Cliché (Hush Hush) is the reissue of Romanian recording artist Alexandra Stan's debut studio album, Saxobeats (2011). It was released for digital download on 2 October 2013 through Maan Studio; its deluxe edition was made available for digital and physical consumption on 23 October 2013 by Victor Entertainment. The record premiered following an alleged physical altercation with her former manager Marcel Prodan, which resulted in Stan taking a break from her career. Along with Andrei Nemirschi and Marcian Alin Soare, Prodan has written and produced nearly all the songs on Cliché (Hush Hush).

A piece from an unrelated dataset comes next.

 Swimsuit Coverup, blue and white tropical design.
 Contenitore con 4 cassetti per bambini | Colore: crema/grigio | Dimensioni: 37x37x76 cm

Being Stan's last activity with Prodan's label, the reissue additionally features three songs—"Lemonade", "Cliché (Hush Hush)" and "All My People"—which were released worldwide as singles, as intended for her second studio album. While "Lemonade" was certified Gold by the Federation of the Italian Music Industry (FIMI), the latter songs were moderately successful in Italy and Japan. Commercially, Cliché (Hush Hush) peaked at number fifty-three on the Oricon Albums Chart, having sold over 6,100 copies there.

Background and release

Alexandra Stan's second studio album was delayed following an alleged physical altercation with her former manager Marcel Prodan. Stan accused him of physically attacking and blackmailing her; she also appeared injured on Romanian television. Due to this, the singer eventually decided to take a break from her career. Meanwhile, Cliché (Hush Hush), her last activity under Prodan's label—Maan Studio—was made available for consumption in Japan on 2 October 2013; a deluxe version of the record was released on 23 October 2013. It serves as a reissue of Saxobeats (2011), additionally containing three new songs—"Lemonade", "Cliché (Hush Hush)" and "All My People"—which were previously released as singles and were intended for her second studio album. The physical edition of the record is packaged in an obi-stripped jewel case, whose booklet features the cover art of Saxobeats on its back and lyrics in Japanese.

Promotion
"Lemonade" was released as the first single from the reissue on 12 June 2012; its music video premiered on 4 June 2012. With music critics comparing the recording to the works of Ace of Base, Britney Spears, Lady Gaga and Kelis, "Lemonade" experienced commercial success in Europe and Japan. It peaked at number one in Bulgaria, and within the top forty in Hungary, Italy, Japan, Romania and Slovakia, being eventually certified Gold by the Federation of the Italian Music Industry (FIMI) for selling 15,000 copies in Italy. Subsequently, the title track of the record was made available for digital consumption on 3 October 2012, being promoted by a visual filmed by Iulian Moga at Palatul Snagov. The clip later drew comparison to vampire films for teenagers for a scene in which Stan is portrayed in a church surrounded by dark-clothed people. "Cliché (Hush Hush)" charted at number eleven on the Japan Hot 100, and at number fifty on Italy's FIMI chart. A "club-friendly" electro dance recording, "All My People", the last single from Cliché (Hush Hush) premiered on 1 May 2013 and featured the vocals of Prodan's fictional character, Manilla Maniacs. It was moderately successful in Italy, Japan and Romania, reaching the top sixty in the territories. The song's music video was compared by Alexandra Necula of Info Music to the work of Madonna, while its choreography to Michael Jackson's 1980s material.

Track listing
All lyrics written and produced by Andrei Nemirschi and Prodan, unless stated.

Personnel
Credits adapted from the liner notes of Cliché (Hush Hush).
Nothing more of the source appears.